**DESCRIPTION OF THE TASK**
Tally every line below where "Forest" appears, then report the total alone.

**DATA EXTRACT**
"""
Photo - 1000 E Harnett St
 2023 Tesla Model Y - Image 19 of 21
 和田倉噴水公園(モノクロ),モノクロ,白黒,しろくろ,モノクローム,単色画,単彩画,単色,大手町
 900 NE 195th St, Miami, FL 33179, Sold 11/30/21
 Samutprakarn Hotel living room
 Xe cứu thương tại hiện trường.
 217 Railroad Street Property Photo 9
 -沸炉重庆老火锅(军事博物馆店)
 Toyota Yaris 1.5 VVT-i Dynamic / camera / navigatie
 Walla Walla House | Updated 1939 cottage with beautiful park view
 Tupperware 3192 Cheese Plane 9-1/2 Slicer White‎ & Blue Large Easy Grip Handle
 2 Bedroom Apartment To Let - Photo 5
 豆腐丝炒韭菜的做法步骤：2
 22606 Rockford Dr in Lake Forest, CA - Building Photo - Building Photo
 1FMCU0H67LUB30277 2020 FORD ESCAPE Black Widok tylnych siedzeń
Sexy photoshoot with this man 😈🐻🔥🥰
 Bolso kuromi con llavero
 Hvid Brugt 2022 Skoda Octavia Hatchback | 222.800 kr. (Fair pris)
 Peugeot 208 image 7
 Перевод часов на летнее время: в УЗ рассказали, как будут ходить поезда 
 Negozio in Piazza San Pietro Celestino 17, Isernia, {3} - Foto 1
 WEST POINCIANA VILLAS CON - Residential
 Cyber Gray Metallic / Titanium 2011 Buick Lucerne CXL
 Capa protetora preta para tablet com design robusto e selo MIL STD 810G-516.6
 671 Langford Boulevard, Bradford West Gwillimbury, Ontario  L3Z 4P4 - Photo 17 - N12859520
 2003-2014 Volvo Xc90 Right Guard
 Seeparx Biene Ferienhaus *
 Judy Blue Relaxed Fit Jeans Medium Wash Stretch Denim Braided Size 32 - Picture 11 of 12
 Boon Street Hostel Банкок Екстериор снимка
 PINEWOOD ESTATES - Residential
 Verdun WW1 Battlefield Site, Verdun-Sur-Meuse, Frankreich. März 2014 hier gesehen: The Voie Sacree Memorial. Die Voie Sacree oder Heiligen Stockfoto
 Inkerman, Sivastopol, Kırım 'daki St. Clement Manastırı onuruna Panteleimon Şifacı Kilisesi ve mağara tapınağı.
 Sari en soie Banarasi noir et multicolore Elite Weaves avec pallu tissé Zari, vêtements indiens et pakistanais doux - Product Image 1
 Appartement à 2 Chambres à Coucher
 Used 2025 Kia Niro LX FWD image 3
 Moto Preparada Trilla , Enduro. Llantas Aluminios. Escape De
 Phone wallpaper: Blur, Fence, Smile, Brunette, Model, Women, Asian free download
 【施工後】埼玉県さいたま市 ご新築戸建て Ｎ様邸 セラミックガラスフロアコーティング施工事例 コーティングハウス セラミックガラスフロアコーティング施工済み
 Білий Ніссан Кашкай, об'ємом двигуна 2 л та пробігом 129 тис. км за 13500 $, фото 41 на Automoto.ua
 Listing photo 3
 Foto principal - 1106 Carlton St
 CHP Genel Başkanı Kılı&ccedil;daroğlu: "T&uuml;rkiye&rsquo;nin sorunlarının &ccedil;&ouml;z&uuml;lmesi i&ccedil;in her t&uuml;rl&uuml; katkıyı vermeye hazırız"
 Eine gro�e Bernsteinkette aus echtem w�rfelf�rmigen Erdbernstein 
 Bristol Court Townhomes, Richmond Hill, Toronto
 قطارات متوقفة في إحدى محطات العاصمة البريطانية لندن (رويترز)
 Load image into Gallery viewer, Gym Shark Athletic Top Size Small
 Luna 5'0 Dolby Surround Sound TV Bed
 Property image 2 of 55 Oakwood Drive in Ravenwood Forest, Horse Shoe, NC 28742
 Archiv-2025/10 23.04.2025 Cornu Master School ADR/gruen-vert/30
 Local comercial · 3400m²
"""
**TASK RESULT**
2